We are in favour of working with other states. As things stand, however, the European arrest warrant system is neither robust enough nor human rights centred. It is worth noting the comments of Mr. Thomas Hammarberg, the Council of Europe' Commissioner for Human Rights, when he discussed the application of European arrest warrants last year. He stated:

There has, however, been repeated criticism of the manner in which the EAW has functioned in a number of concrete cases. This criticism must be taken seriously. Human rights organisations have expressed concerns about the imprisonment of innocent persons, disproportionate arrests, violations of procedural rights and the impossibility in some countries for an innocent person to appeal against a decision to be surrendered...

The EAW has been used in some cases for which it was not intended, sometimes with harsh consequences on the lives of the person concerned. It is thus high time to reform a system that affects thousands of persons every year.

I entirely concur with his assessment, particularly when one considers that some 50,000 arrest warrants have been issued.

Closer to home, and more recently, we had observations on this issue by one of our most senior judges, Mr. Justice Hardiman. In the case of the Minister For Justice v. Tobin, which judgment was delivered on 19 June, Mr. Justice Hardiman noted that the origins of the European arrest warrant are a long way from what we now have. He stated:

This confusion is not surprising because when the European Arrest Warrant "Framework Document" was first drawn up in 2001 it related exclusively to Terrorist offences. It was subsequently, in the ten day period immediately after the 9/11 outrage in New York, extended to a great number of other offences many of which are not offences of specific intent at all. Again, I do not think that this aspect of the European Arrest Warrant arrangements are widely known, or were widely or clearly explained at the time.

I would also note his comments on the application of the European arrest warrant in Irish courts generally. Of the authorities, he said:

I cannot acquit them of a desire to be seen to be almost slavish in conforming with the obligations of a subscriber to the Framework Document, and a member of the European Union, as they conceive them to be. It is this attitude, it appears to me, that has rendered them willing to extradite or deliver Irish people, or people who happen to be in Ireland, to other countries who would not deliver their own citizens if the positions were reversed. It has also rendered them gravely insensitive to the human rights of a person in the position of Mr. Tobin and his family.
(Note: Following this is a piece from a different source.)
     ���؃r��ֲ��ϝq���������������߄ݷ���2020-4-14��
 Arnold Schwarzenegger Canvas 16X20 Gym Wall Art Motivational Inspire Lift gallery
I believe this should give us pause before we contemplate extending this legislation. The reforms that are needed are clear. We need to allow states to refuse a surrender when it is felt that the fundamental rights of the individual are not guaranteed. The surrender of a person subject to a European arrest warrant can be deferred until the State seeking extradition is trial-ready. Lengthy periods of pre-trial detention are not satisfactory. The misuse of European arrest warrants for minor offences needs to be curbed and there must be a proportionality test for assessing the warrants to prevent the possibility of an infringement of the human rights of the individual being sought. Proportionality is rightly recognised as a fundamental principle of EU law and it must be applied to the European arrest warrant system.

As I stated at the outset, a system such as this is needed to provide for extradition or surrender from one country to another, particularly with regard to serious crime. However, such a system must be robust and human-rights compliant. In the absence of such safeguards for the European arrest warrant, we cannot possibly support the extension of the 2003 Act.